Kraj

Dlaczego lewica nie może się przebić. Biejat i Zandberg stosują strategię Clintona

Magdalena Biejat Magdalena Biejat Facebook
Dlaczego Biejat nie przebija się do mainstreamu, czy Zandberg brzmi wiarygodnie, mówiąc o obronności, i co do debaty wnosi powrót Joanny Senyszyn, wyjaśnia dr hab. Wojciech Rafałowski Katedry Socjologii Polityki Uniwersytetu Warszawskiego.

MATEUSZ WITCZAK: Czy lewica została w tej kampanii na uboczu?
WOJCIECH RAFAŁOWSKI: Trwa na uboczu od upadku rządu Leszka Millera, a więc od 20 lat. W tym czasie jej ugrupowania miały niewielki wpływ na politykę, a kryzys pogłębiły wybory z 2015 r., gdy lewicowe partie w ogóle nie weszły do parlamentu.

Z czego wynika ich słabość?
Z badania Sławomira Sierakowskiego i Przemysława Sadury wiemy, że sympatie polityczne Polaków zależą od tego, czy ufają państwu i czy mają potrzebę korzystania z dóbr publicznych. Jeżeli obywatel nie ufa państwu i ma tę potrzebę – głosuje na PiS. Jeżeli ufa państwu, ale tej potrzeby nie ma – oddaje głos na Koalicję Obywatelską. Elektorat, który deklaruje wiarę w państwo, a jednocześnie opowiada się za szerokimi świadczeniami socjalnymi, jest niewielki, a to właśnie on głosuje na lewicę. Niewielu mamy też w Polsce ludzi, którzy myśleliby o gospodarce w sposób etatystyczny, równolegle będąc liberalnymi w „wymiarze obyczajowym”.

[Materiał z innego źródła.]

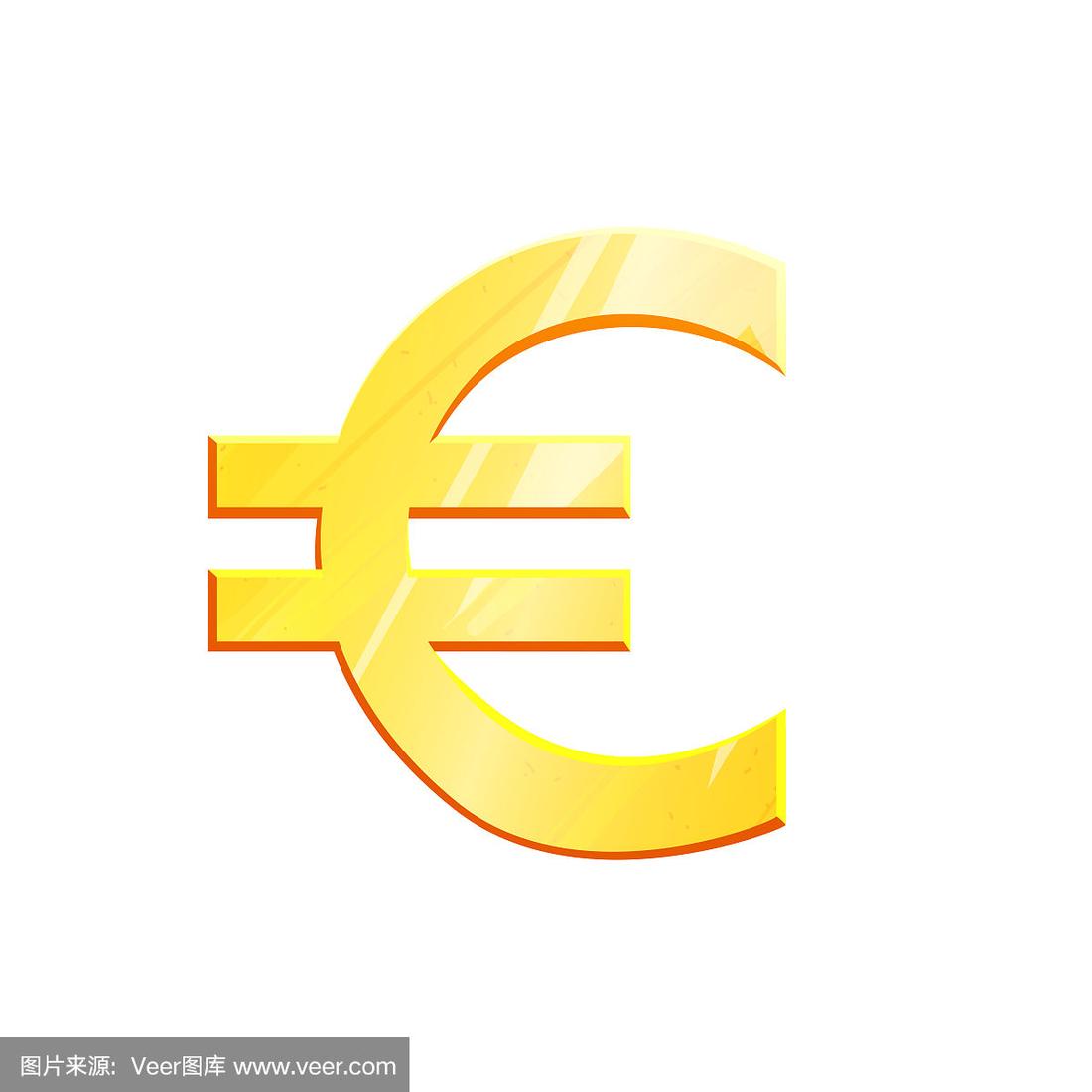 欧元货币符号(欧元货币符号代码)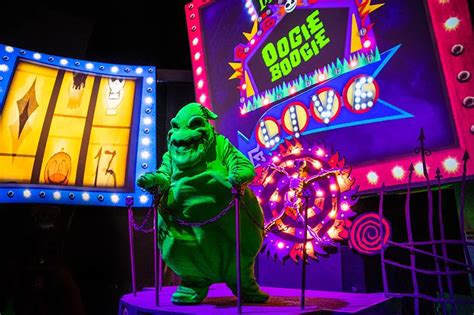 Oogie Boogie Bash A Disney Halloween Party Confirmed To Return To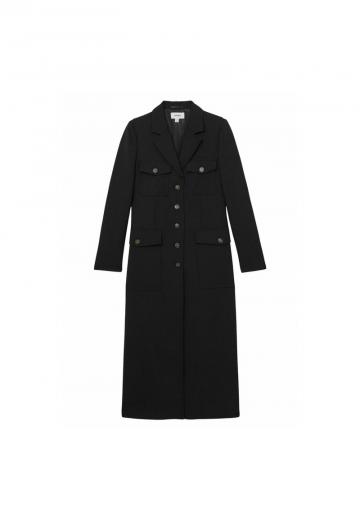 Шерстяное пальто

Sierakowski i Sadura wyodrębnili szczególną kategorię elektoratu PiS: „wyborców cynicznych”. Może i nie zgadzają się ze światopoglądem prawicy, ale głosują na nią z chęci osiągnięcia ekonomicznego zysku. Dlaczego nie głosują na lewicę?
Ponieważ cyniczny odbiorca wie, która partia może efektywnie odpowiedzieć na jego potrzeby. Większą wiarygodność ma PiS, który jest duży, rządził przez długi czas, a sondaże dają mu możliwość sformowania rządu w przyszłości. Pamiętajmy, że główną motywacją wyborcy cynicznego jest chęć zrealizowania przez polityków określonych postulatów (głównie socjalnych), cała reszta go nie interesuje.